Ce n’est pas vous, Madame, qui allez vous soucier de prendre ma défense.
 
Mon avocat a cherché à vous saisir de mon affaire quand il est devenu évident que les autorités de Lyon-II étaient incapables de la résoudre. A la même époque je crois savoir que les autorités de police vous ont fait savoir que j’étais en danger de mort. Vous êtes restée totalement insensible aux appels qui vous étaient lancés. Vous avez fait répondre qu’il nous fallait passer par la voie hiérarchique, c’est-à-dire par le recteur.

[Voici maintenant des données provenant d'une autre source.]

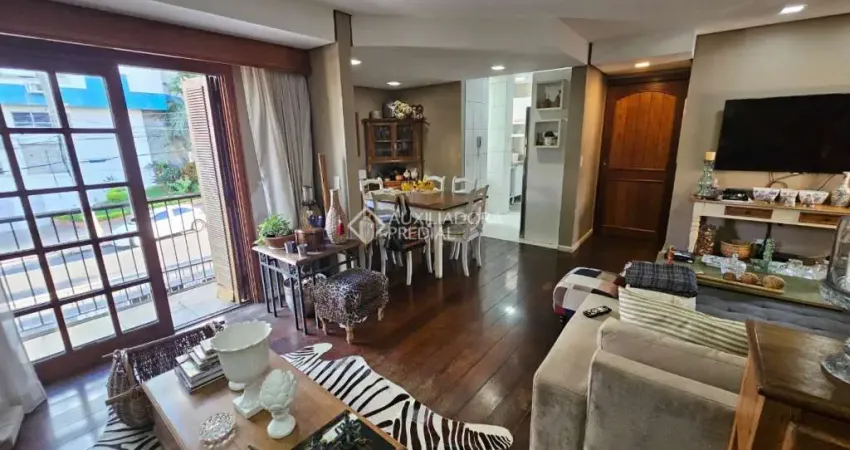 Casa em condomínio fechado com 3 quartos à venda na Rua João Abbott, 42, Petrópolis, Porto Alegre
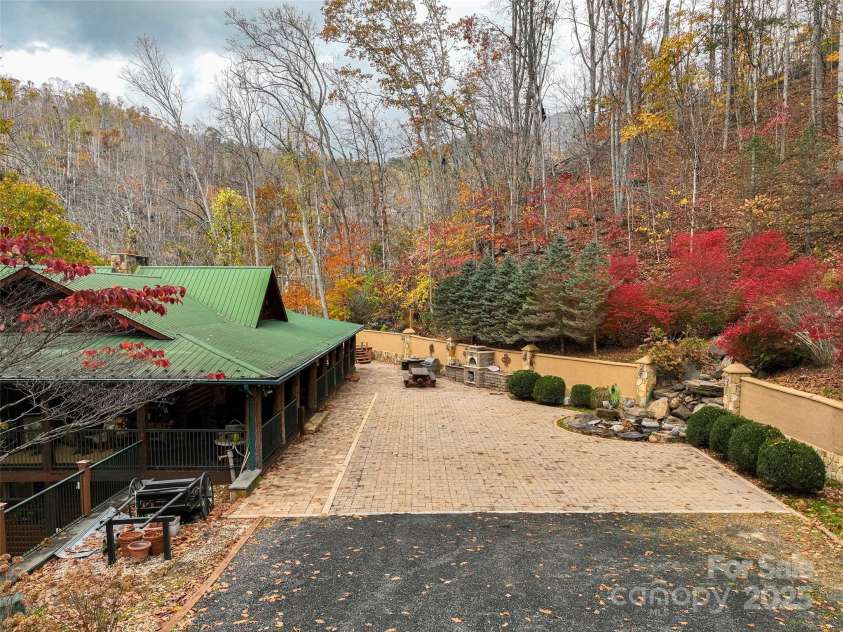 90 Rogers Creek Drive, Bakersville, NC 28705.  MLS# CAR4318662, YatesRealty ID 612. 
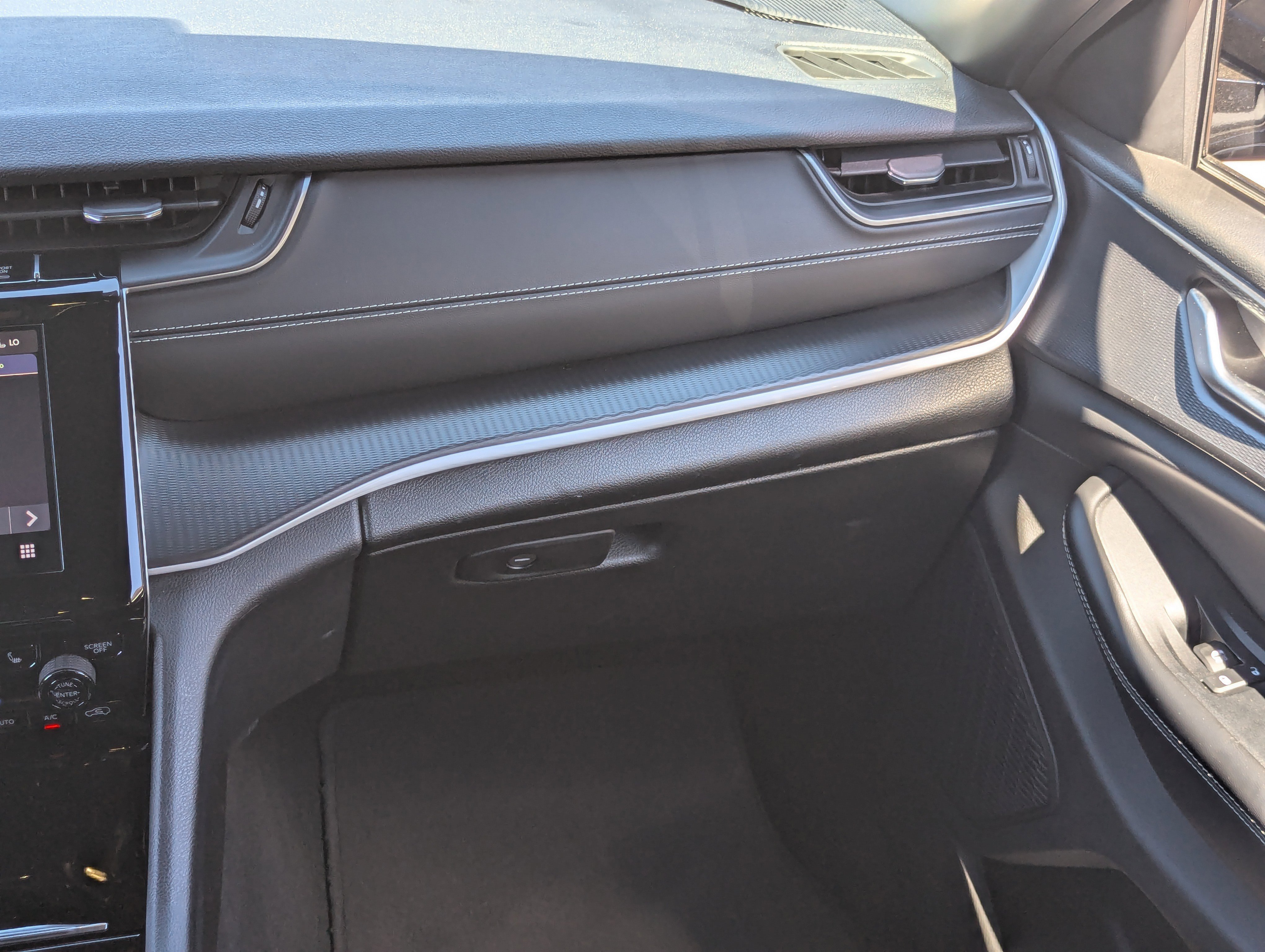 Used 2023 Jeep Grand Cherokee Altitude image 15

Mais vous saviez que le recteur nous avait depuis longtemps déclaré qu’en vertu du principe de l’autonomie des universités il ne pouvait intervenir dans cette affaire.
 
Tout cela est dans l’ordre des choses. Je ne vois là ni complot, ni conjuration, mais un conformisme de fer. Aussi longtemps que j’ai paru rester dans le rang, j’ai été, paraît-il, un « très brillant professeur », un «chercheur très original», une «personnalité exceptionnelle». Du jour où j’ai heurté le tabou des «chambres à gaz», ma situation professionnelle est devenue intenable. Aujourd’hui, je me vois contraint à solliciter de votre haute bienveillance ma relégation dans l’enseignement par correspondance.